Restate every line below word for word, but drop each picture.

* DATASET SECTION *
----------

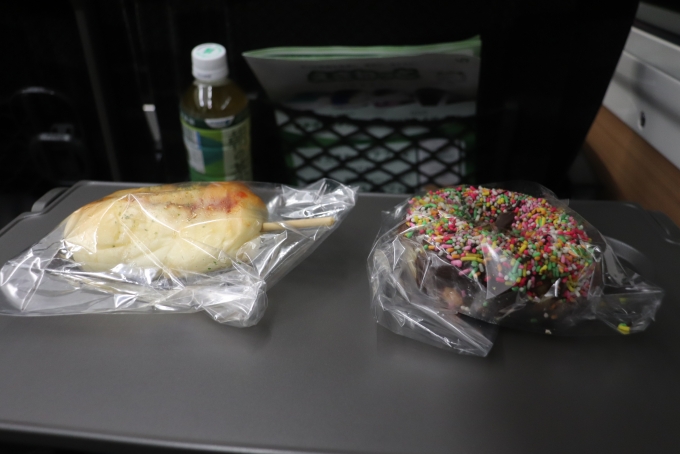 鉄道乗車記録の写真:駅弁・グルメ(6)     「車内で朝食」
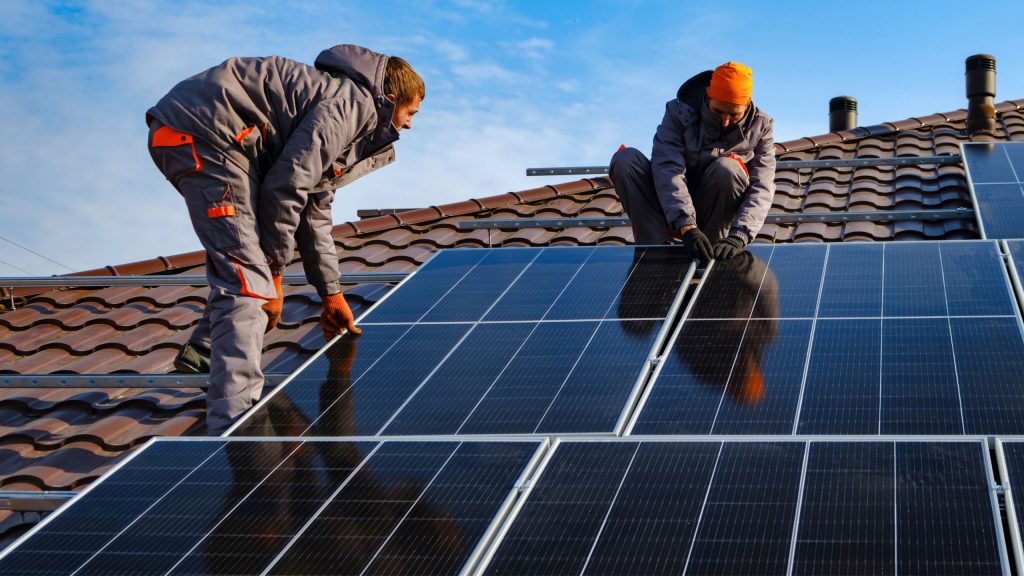 Apagão? Aneel discute riscos do excesso de energia solar no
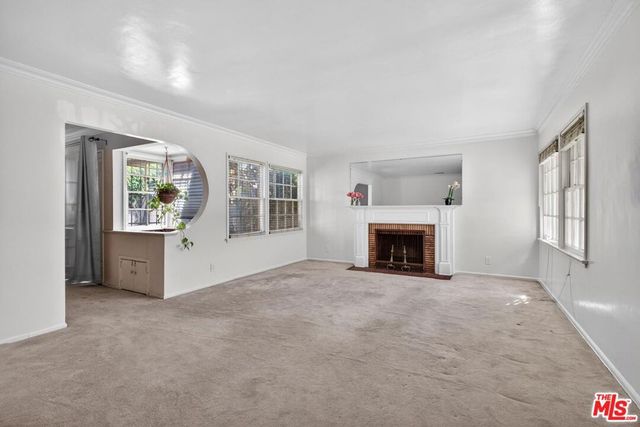 3692 Buckingham Road, Los Angeles, CA 90016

----------

* TASK RESULT *
 鉄道乗車記録の写真:駅弁・グルメ(6)     「車内で朝食」
 Apagão? Aneel discute riscos do excesso de energia solar no
 3692 Buckingham Road, Los Angeles, CA 90016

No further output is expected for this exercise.